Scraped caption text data
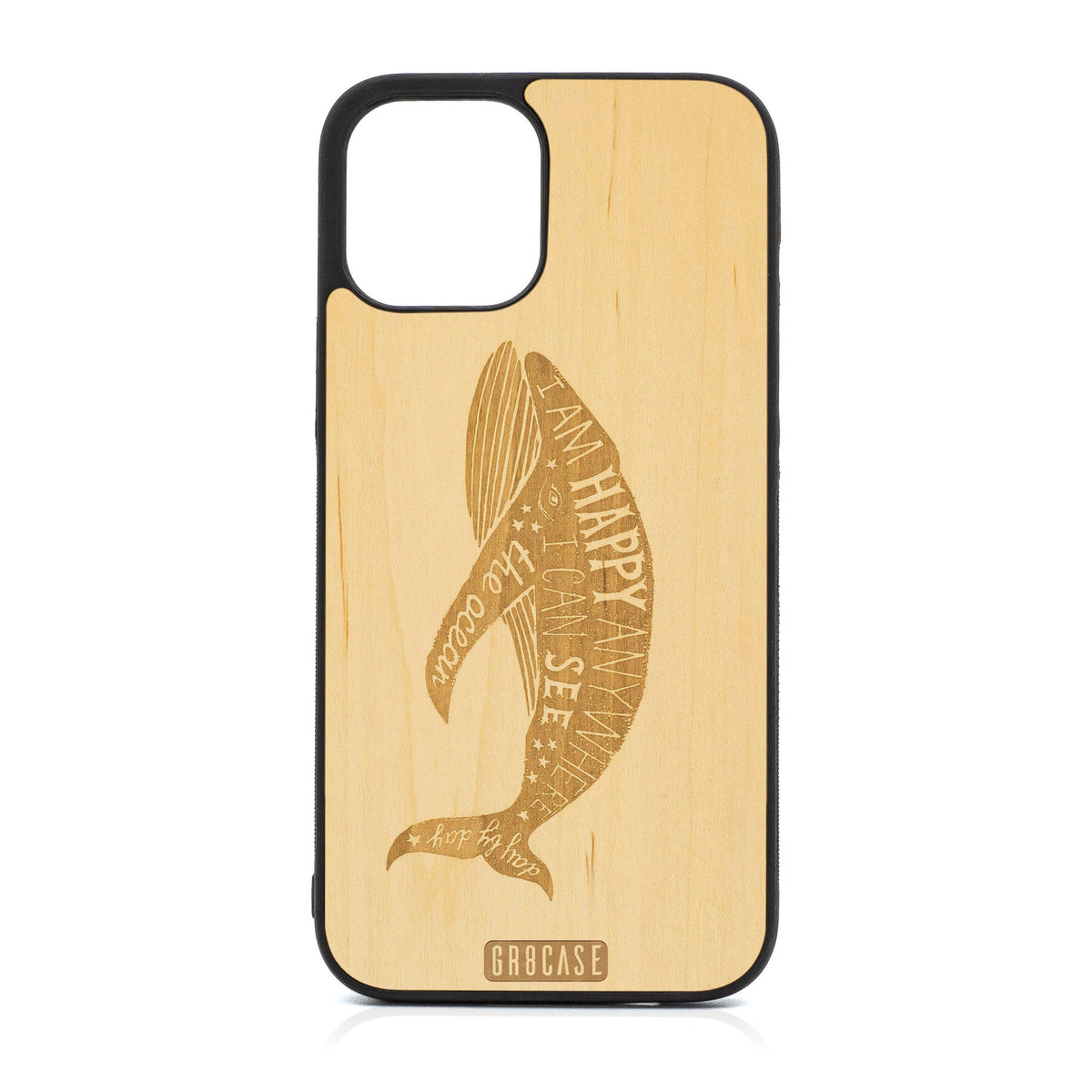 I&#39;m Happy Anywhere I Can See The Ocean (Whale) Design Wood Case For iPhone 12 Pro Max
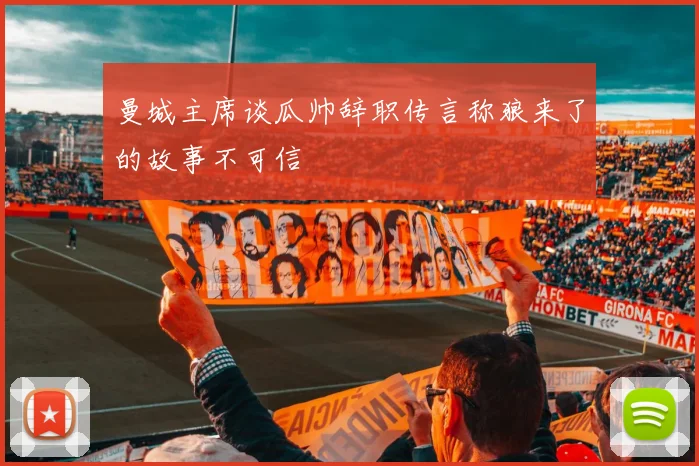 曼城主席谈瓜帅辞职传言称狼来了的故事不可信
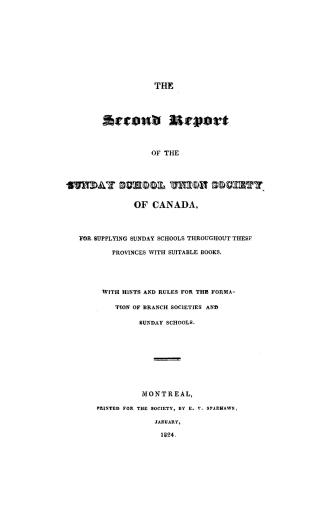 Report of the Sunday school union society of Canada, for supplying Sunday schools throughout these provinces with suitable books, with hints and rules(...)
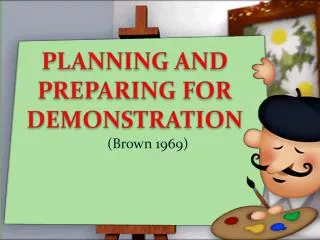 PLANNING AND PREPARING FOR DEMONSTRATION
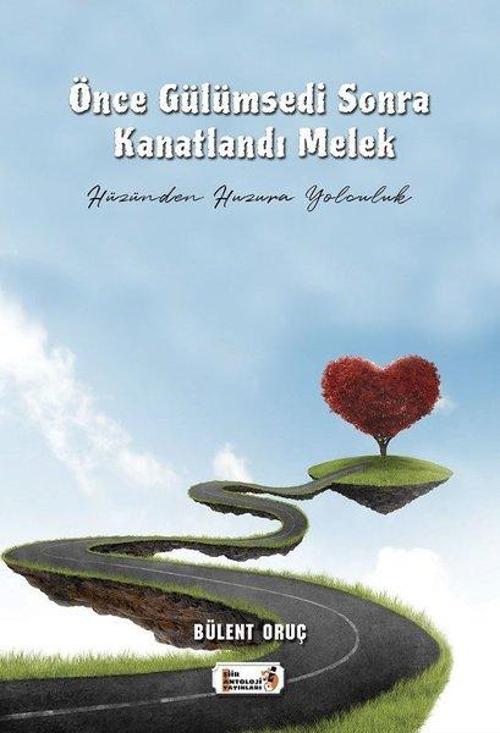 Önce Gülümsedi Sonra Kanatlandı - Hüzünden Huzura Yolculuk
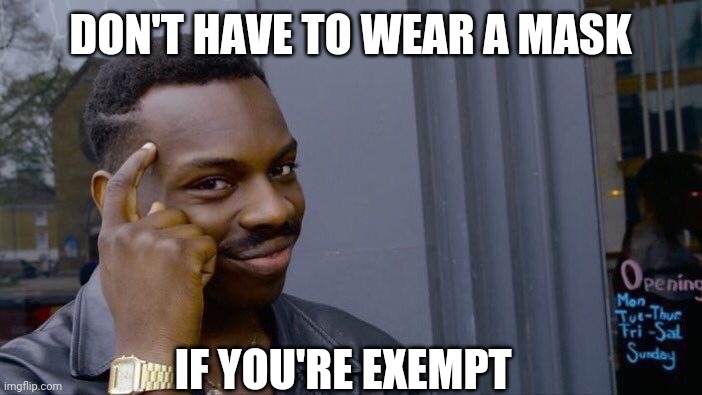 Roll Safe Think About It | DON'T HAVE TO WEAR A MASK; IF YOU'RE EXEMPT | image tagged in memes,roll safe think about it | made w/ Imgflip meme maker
...
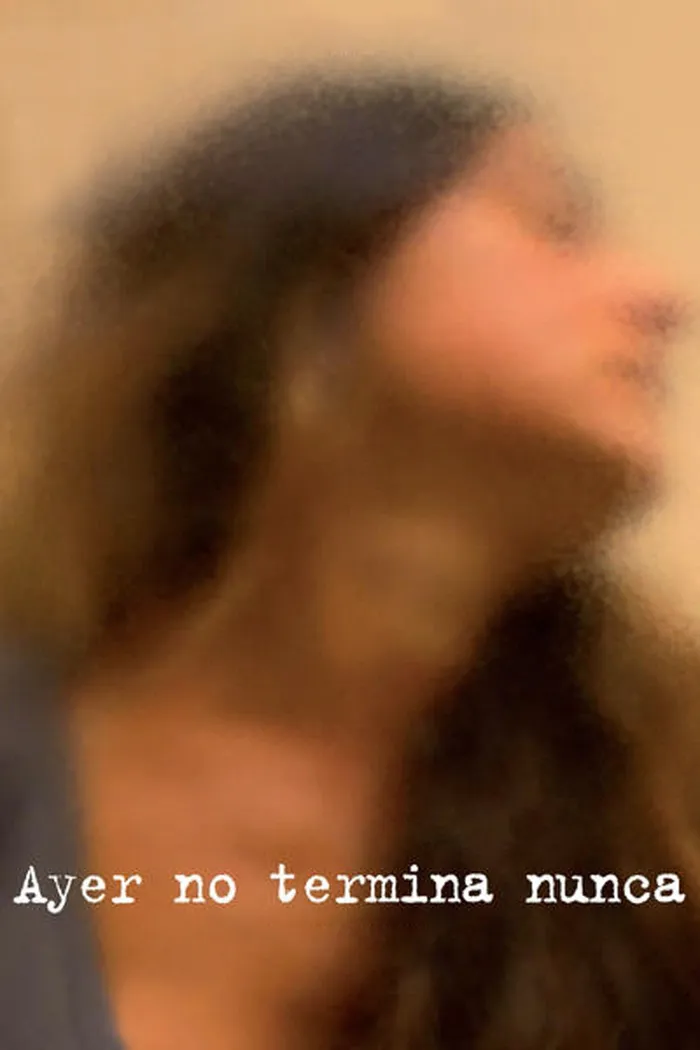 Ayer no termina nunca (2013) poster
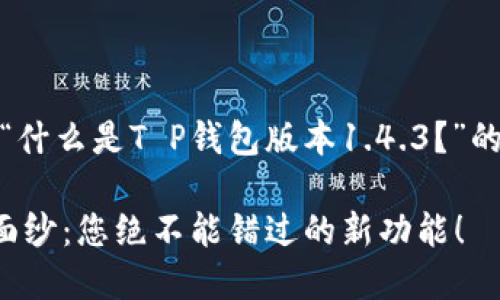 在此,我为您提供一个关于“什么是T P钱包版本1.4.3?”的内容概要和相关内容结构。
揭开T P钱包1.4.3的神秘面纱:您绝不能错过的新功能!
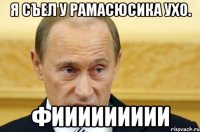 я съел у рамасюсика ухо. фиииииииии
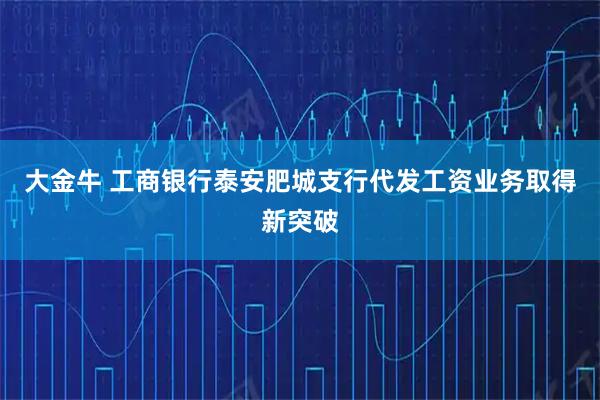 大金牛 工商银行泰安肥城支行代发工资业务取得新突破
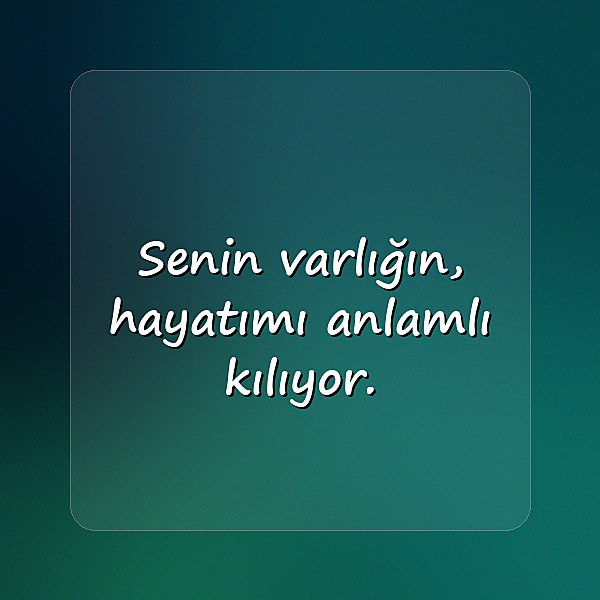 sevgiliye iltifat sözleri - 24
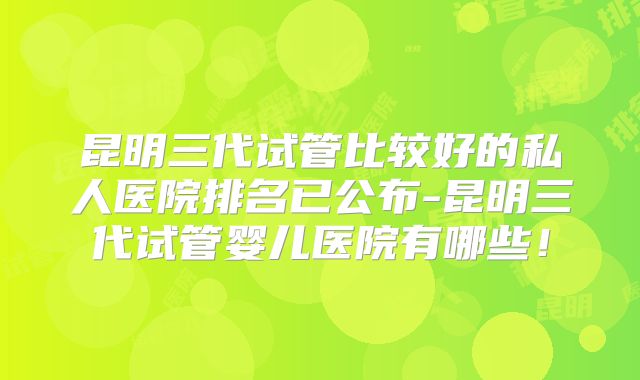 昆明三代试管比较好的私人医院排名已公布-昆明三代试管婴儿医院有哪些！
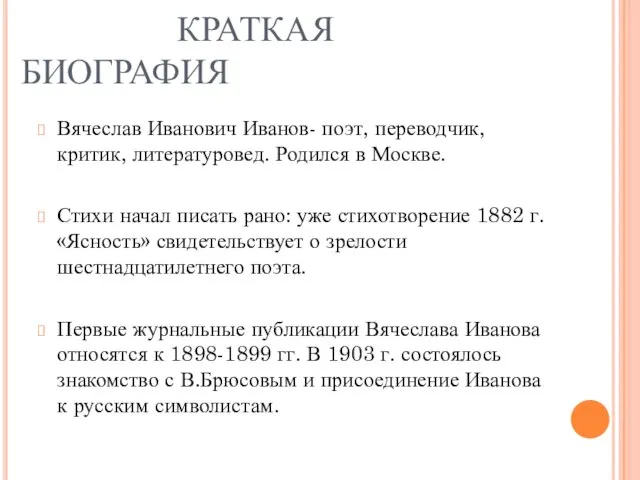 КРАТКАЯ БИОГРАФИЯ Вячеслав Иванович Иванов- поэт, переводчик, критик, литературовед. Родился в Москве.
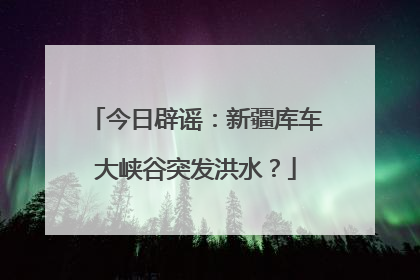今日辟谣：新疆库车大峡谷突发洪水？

Exercise brief: Once the line with "PLANNING AND PREPARING FOR DEMONSTRATION" is found above, transcribe each line from it through the line with "Roll Safe Think About It | DON'T", exactly, and omit the pictures.

Task output:
 PLANNING AND PREPARING FOR DEMONSTRATION
 Önce Gülümsedi Sonra Kanatlandı - Hüzünden Huzura Yolculuk
 Roll Safe Think About It | DON'T HAVE TO WEAR A MASK; IF YOU'RE EXEMPT | image tagged in memes,roll safe think about it | made w/ Imgflip meme maker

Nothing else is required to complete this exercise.